Task brief: Word for word, quote the lines from the one containing "Apartment Larion - Apartment" to the end of the entries below, including both. Leave pictures out.

The records:
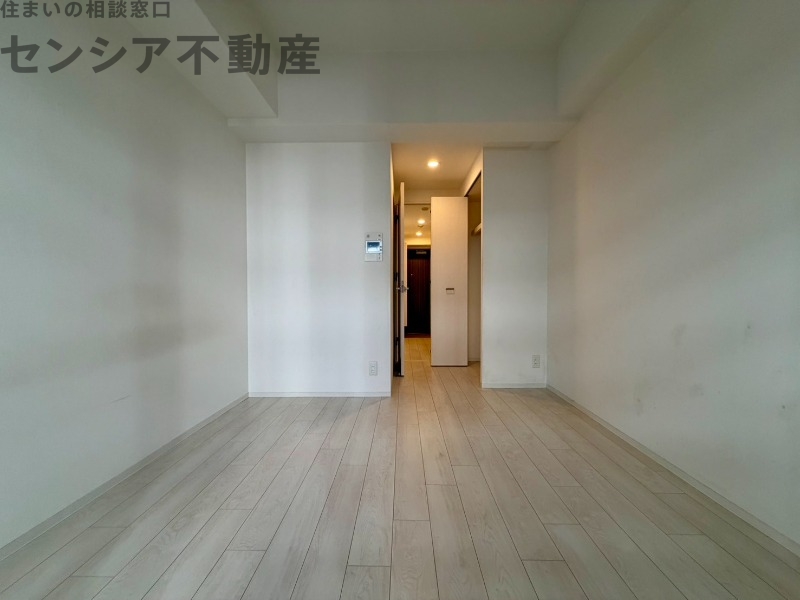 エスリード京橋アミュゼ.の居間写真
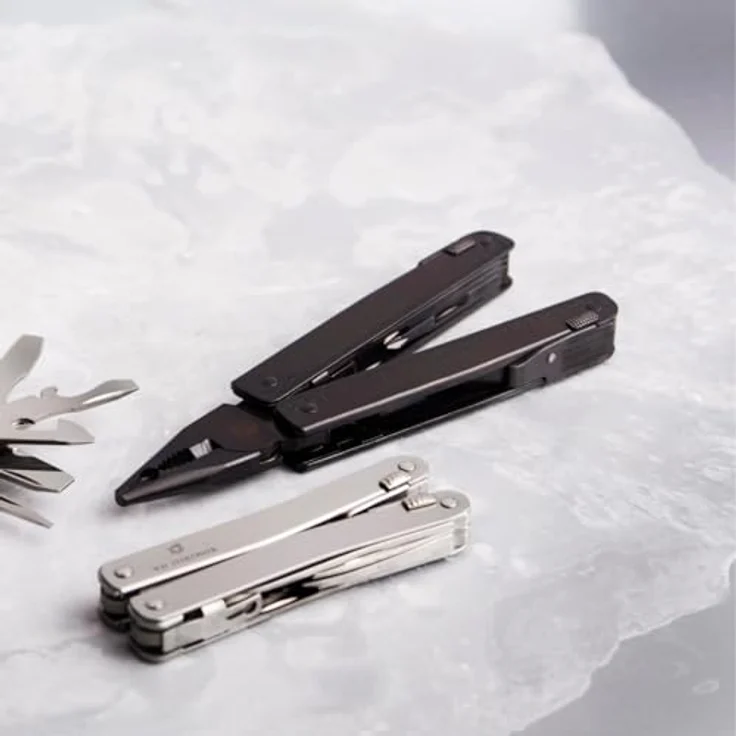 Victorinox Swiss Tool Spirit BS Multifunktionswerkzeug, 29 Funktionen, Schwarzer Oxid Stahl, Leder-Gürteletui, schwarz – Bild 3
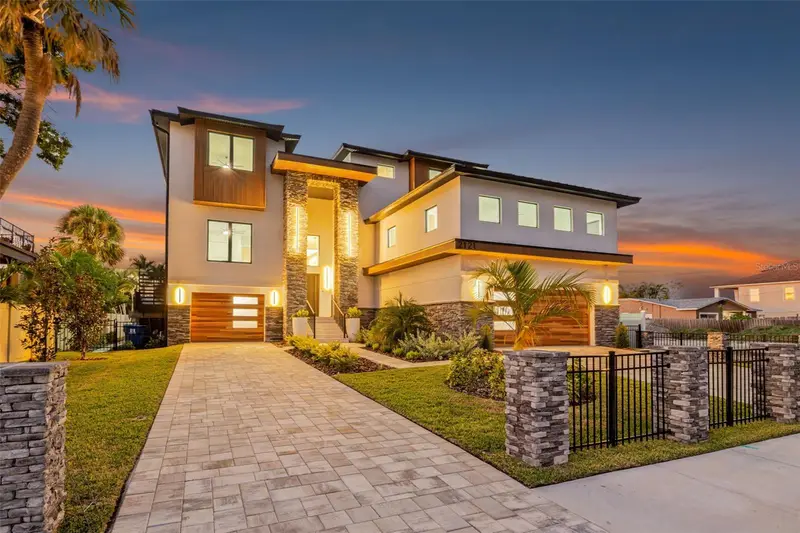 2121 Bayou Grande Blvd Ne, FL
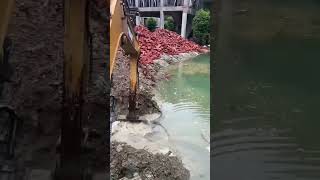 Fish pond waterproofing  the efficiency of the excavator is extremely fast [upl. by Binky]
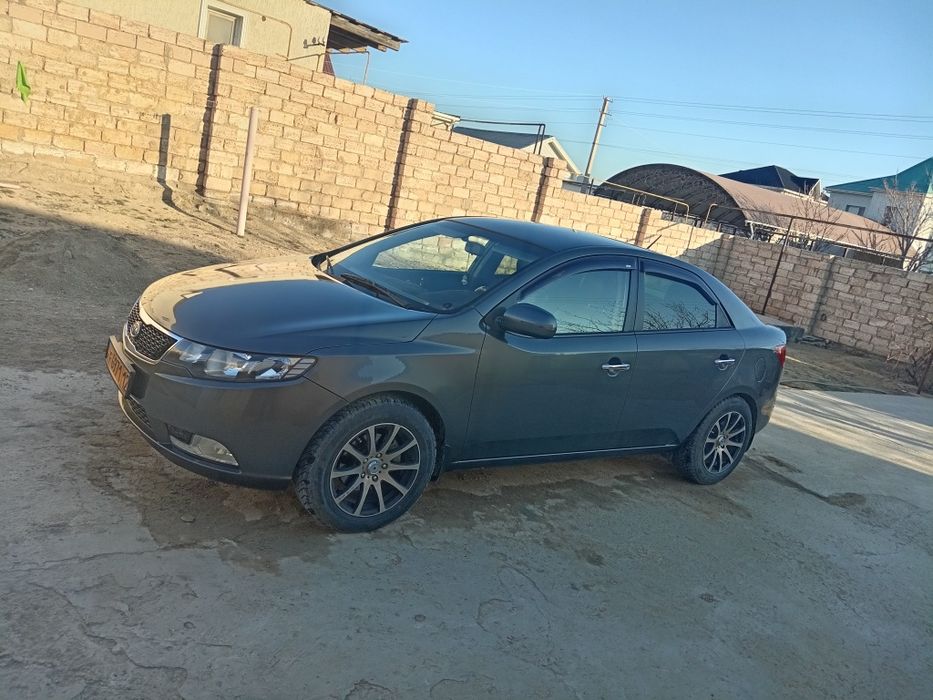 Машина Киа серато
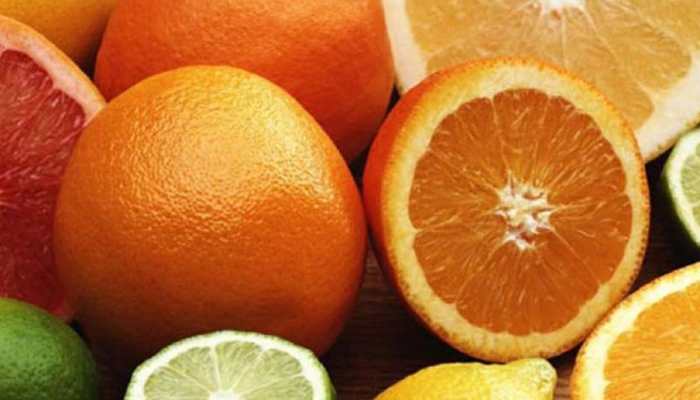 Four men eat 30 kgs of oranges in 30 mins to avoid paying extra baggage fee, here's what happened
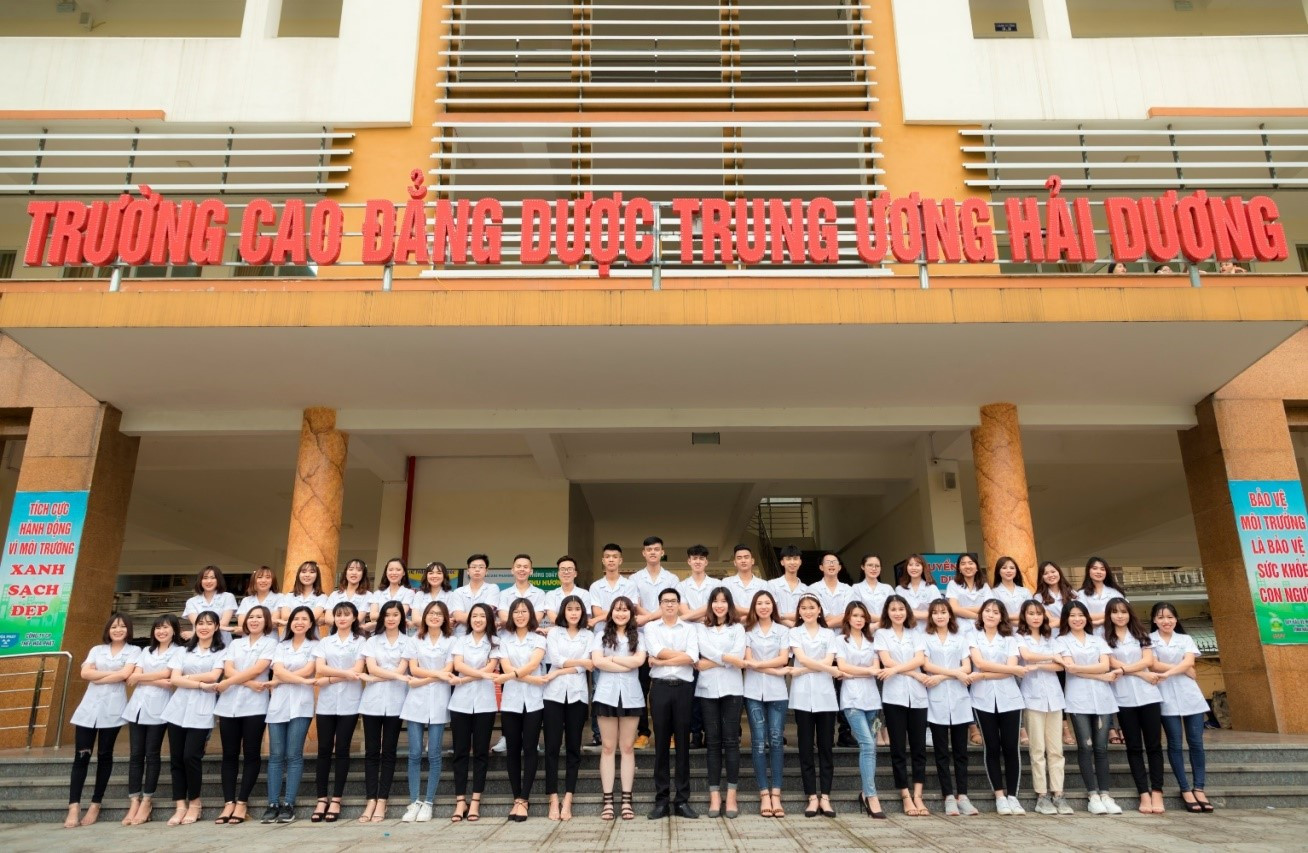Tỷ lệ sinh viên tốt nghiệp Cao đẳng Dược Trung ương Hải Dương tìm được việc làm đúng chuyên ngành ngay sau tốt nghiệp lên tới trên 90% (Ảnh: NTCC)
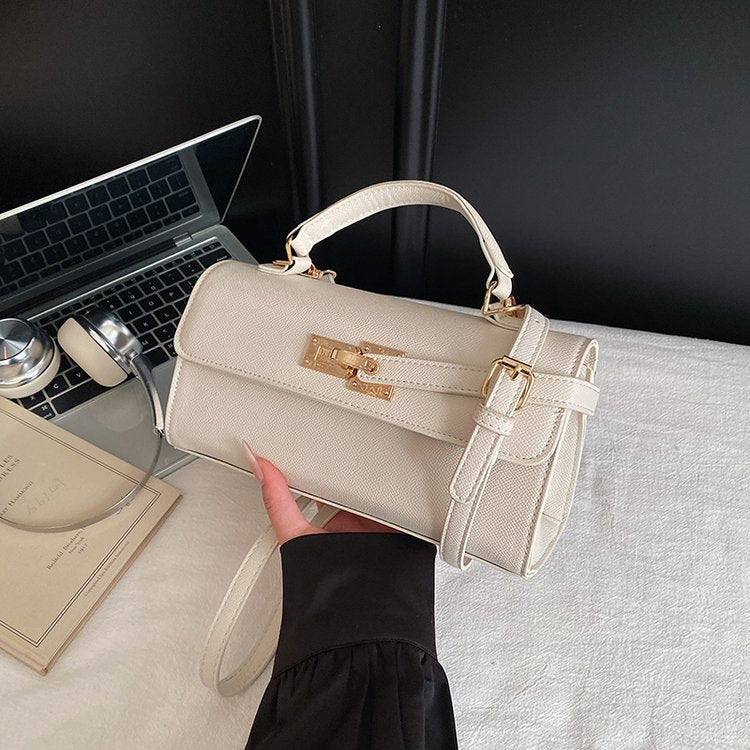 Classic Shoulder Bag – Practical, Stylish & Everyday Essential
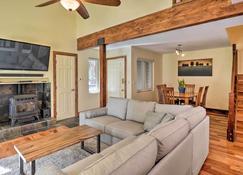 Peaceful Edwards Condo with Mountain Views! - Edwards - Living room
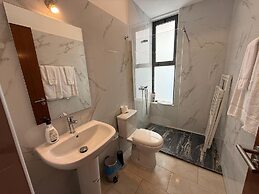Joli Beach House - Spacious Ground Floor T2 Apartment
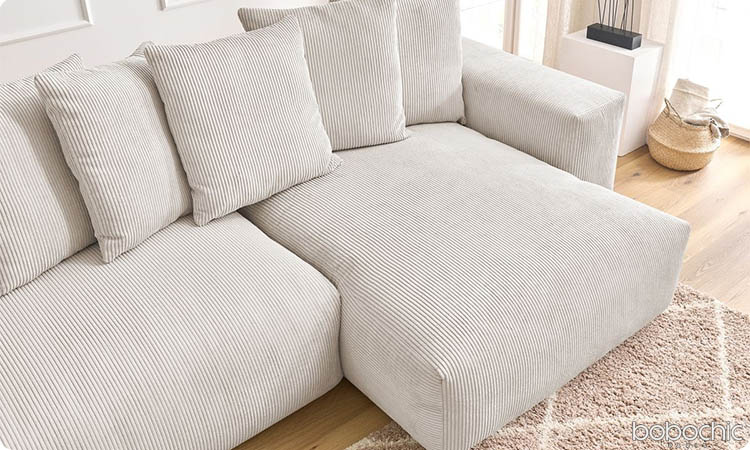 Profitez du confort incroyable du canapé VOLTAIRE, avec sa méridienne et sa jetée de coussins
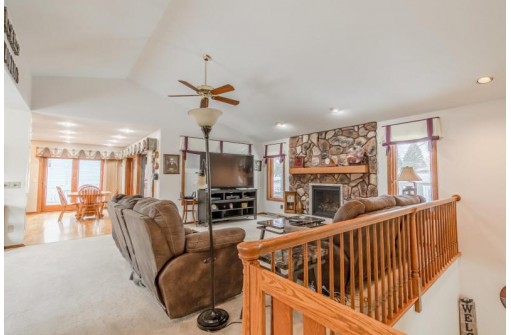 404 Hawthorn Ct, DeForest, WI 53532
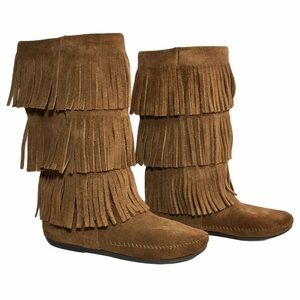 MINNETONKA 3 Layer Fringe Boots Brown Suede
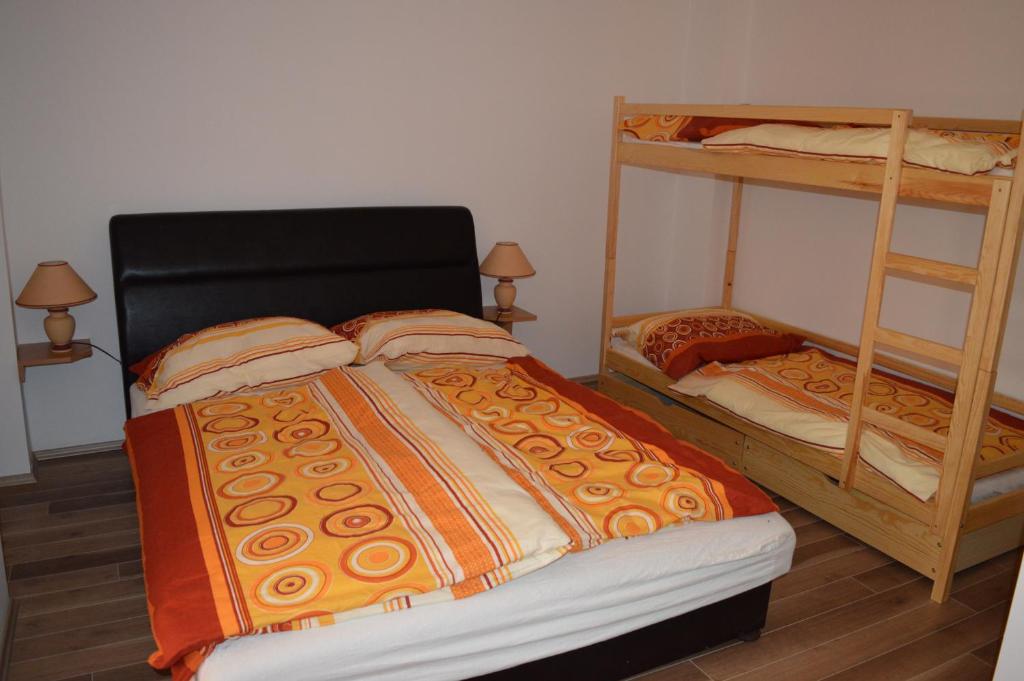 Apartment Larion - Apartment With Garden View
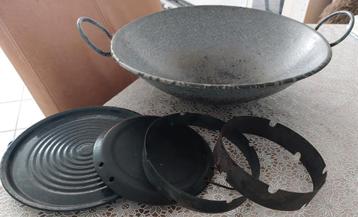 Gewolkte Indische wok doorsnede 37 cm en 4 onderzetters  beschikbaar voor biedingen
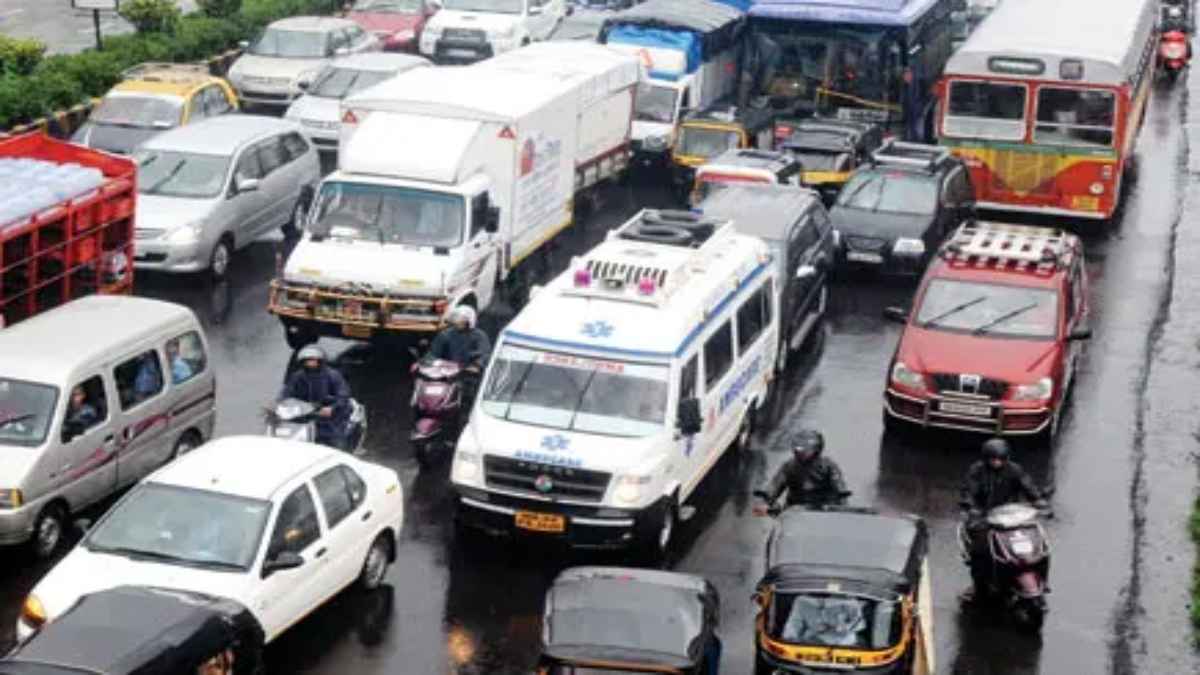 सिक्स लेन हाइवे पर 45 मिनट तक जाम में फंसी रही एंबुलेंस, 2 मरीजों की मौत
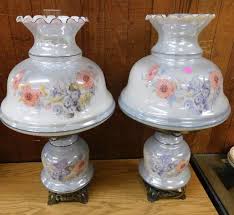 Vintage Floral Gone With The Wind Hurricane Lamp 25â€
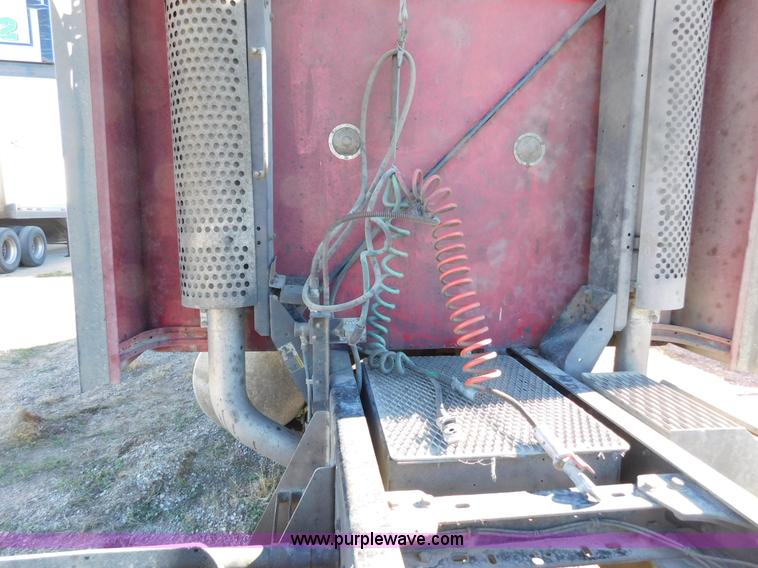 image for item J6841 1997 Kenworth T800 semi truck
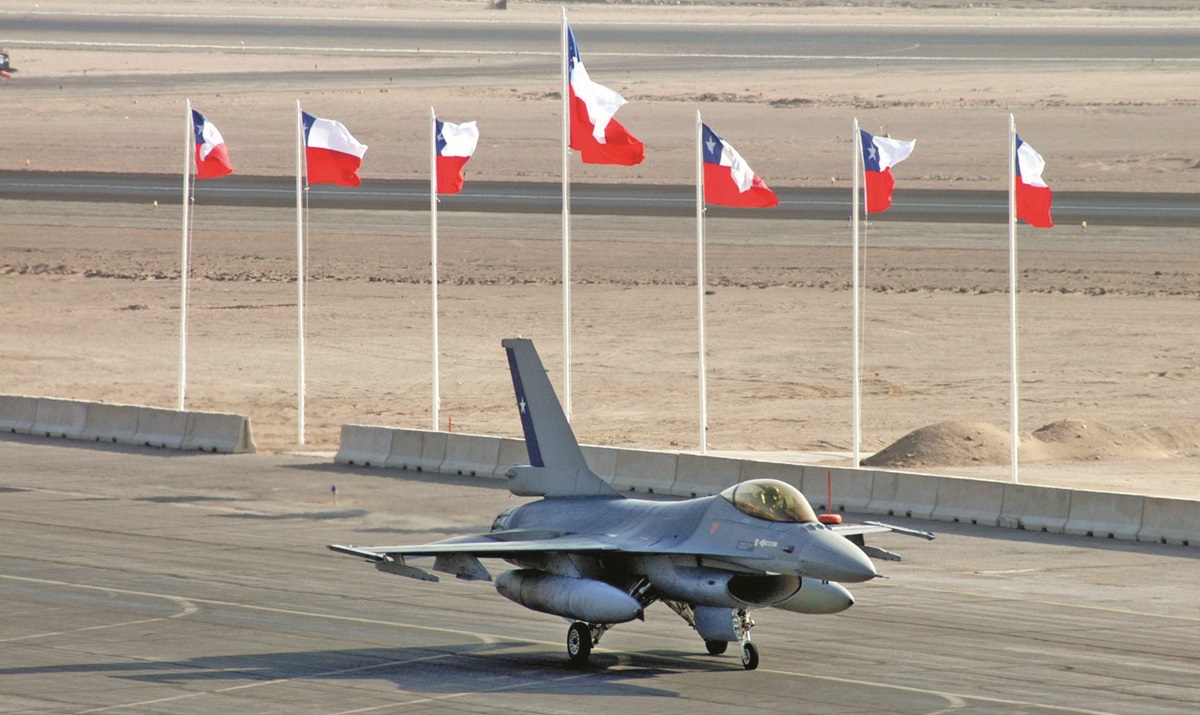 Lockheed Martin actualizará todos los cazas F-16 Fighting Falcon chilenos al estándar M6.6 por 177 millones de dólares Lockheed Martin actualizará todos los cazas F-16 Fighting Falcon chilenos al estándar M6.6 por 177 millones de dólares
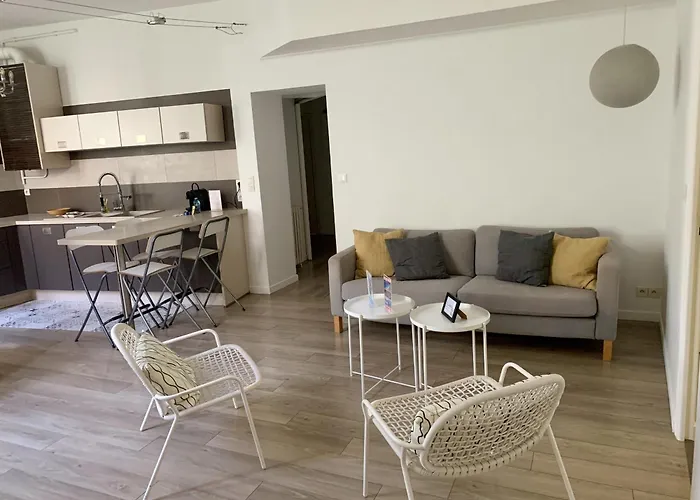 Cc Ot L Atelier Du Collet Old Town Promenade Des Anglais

Your response:
 Apartment Larion - Apartment With Garden View
 Gewolkte Indische wok doorsnede 37 cm en 4 onderzetters  beschikbaar voor biedingen
 सिक्स लेन हाइवे पर 45 मिनट तक जाम में फंसी रही एंबुलेंस, 2 मरीजों की मौत
 Vintage Floral Gone With The Wind Hurricane Lamp 25â€
 image for item J6841 1997 Kenworth T800 semi truck
 Lockheed Martin actualizará todos los cazas F-16 Fighting Falcon chilenos al estándar M6.6 por 177 millones de dólares Lockheed Martin actualizará todos los cazas F-16 Fighting Falcon chilenos al estándar M6.6 por 177 millones de dólares
 Cc Ot L Atelier Du Collet Old Town Promenade Des Anglais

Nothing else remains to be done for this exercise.